REPUBLIKA.CO.ID, JAKARTA -- Wakil Ketua Umum Partai Gerindra, Fadli Zon mengatakan pendapatnya terkait prospek demokrasi Indonesia lewat pembahasan RUU Pemilu. Dalam pembahasannya terdapat ironi, bahwa RUU tersebut terkesan untuk memfasilitasi kepentingan sejumlah partai politik.
Padahal menurutnya, undang-undang terkait pemilu harus bersifat berkelanjutan, setidaknya 15 sampai 20 tahun. Hal itu agar sistem demokrasi Indonesia dapat tersusun dengan baik. "Jadi kita kembali pada kepentingan jangka pendek parpol. Kita sebetulnya tidak mau bangun demokrasi yang benar-benar subtantif," ujar Fadli dalam sebuah diskusi daring, Selasa (9/6).

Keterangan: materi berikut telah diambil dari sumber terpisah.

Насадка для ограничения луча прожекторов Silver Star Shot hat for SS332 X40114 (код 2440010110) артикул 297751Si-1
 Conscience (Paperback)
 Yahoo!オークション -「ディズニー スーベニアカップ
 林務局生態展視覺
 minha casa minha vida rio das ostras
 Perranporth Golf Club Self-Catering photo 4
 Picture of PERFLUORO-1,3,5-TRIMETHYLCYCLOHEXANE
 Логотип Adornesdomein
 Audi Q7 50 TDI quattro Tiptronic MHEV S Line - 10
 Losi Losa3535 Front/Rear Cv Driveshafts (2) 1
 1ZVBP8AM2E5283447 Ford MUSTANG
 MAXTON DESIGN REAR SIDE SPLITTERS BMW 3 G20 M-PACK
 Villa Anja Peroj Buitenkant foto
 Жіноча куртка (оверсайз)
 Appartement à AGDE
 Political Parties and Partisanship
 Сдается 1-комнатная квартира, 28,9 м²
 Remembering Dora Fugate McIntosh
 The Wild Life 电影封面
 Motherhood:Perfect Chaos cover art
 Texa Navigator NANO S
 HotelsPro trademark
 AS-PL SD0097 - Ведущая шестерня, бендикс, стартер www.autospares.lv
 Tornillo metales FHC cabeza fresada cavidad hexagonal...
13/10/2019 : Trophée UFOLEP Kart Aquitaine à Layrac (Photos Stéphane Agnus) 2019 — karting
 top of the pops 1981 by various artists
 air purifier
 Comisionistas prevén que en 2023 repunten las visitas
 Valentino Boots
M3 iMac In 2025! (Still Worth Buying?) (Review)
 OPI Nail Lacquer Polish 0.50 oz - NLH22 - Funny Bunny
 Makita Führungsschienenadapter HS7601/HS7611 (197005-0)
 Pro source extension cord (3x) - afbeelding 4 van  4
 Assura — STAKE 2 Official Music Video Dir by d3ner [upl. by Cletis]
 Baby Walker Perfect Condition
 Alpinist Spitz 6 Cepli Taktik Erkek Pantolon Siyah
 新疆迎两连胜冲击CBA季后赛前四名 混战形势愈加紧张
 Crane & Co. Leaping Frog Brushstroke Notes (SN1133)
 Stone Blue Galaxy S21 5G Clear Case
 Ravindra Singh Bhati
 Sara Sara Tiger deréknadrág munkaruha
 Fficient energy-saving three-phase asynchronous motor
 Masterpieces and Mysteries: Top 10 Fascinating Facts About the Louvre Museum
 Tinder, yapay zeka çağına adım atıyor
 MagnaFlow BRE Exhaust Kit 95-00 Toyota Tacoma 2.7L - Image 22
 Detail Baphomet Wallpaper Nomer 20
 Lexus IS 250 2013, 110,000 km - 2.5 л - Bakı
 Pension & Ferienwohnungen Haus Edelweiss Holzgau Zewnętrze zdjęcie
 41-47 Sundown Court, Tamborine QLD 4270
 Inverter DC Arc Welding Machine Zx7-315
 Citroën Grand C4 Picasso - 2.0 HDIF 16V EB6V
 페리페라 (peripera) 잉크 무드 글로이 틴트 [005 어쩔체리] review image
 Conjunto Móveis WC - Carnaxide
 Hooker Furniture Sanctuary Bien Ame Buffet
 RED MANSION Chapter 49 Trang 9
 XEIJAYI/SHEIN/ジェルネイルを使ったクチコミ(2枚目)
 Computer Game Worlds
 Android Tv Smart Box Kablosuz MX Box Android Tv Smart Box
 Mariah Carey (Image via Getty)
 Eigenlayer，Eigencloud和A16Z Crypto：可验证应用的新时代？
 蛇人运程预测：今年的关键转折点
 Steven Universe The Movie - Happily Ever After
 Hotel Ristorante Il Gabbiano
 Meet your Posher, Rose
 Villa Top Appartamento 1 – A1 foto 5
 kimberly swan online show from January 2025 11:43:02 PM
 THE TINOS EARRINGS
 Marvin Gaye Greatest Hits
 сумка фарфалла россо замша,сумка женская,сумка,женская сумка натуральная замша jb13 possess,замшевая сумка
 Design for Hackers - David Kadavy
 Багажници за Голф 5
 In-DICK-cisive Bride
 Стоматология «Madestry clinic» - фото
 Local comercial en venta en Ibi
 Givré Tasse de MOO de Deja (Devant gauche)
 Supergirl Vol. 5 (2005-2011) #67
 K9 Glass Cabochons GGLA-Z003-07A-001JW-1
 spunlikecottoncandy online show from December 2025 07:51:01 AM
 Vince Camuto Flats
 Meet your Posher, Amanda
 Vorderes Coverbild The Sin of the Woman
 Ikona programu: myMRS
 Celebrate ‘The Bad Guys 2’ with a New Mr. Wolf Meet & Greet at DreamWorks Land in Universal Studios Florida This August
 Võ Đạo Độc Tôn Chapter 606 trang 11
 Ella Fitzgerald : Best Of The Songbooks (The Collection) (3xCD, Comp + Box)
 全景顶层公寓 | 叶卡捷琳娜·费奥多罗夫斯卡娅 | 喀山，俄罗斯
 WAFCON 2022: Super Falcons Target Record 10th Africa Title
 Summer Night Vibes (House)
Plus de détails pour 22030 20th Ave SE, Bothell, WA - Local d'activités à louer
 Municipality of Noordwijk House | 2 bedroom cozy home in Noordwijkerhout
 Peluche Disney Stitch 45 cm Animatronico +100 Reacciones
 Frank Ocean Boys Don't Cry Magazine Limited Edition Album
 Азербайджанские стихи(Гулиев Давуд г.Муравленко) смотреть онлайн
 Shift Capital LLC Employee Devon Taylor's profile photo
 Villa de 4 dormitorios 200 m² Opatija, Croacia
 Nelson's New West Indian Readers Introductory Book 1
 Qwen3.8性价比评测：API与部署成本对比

Jika hal ini terus terjadi, demokrasi di Indonesia hanya akan bersifat prosedural. Tanpa diikuti oleh penerapannya yang sesuai, karena setiap lima tahu undang-undang tentang pemilu selalu direvisi untuk menguntungkan pihak tertentu.
"Sehingga akhirnya demokrasi kita menjadi demokrasi yang dikendalikan oleh cukong. Sebetulnya kalau mau jujur bicara, baik itu untuk pilpres maupun lain-lain," katanya.
Pria yang kini merupakan Ketua Badan Kerjasama Antar Parlemen (BKSAP) DPR itu mengkritik bahwa demokrasi saat ini terkesan disponsori oleh oknum-oknum. Di mana akhirnya, justru menimbulkan oligarki di kursi kekuasaan nantinya.
"Kita sekarang ini demokrasi bukan hanya prosedural, tetapi mungkin juga corrupted democracy yang membuat demokrasi kita yang mahal," ujar mantan Wakil Ketua DPR itu.
Maka dari itu, ia berharap pembahasan RUU Pemilu di Komisi II DPR tal hanya menjadi alat bagi kepentingan segelintir partai politik. Tetapi menjadi landasan demokrasi, hingga 10 sampai 20 tahun mendatang.
"Menurut saya bukan di situ seharusnya pembicaraan demokrasi kita. Tentu harus melalui proses filosinya dulu apa, dasarnya ini apa, kita mau kemanakan demokrasi kita baru bicara sistem," katanya.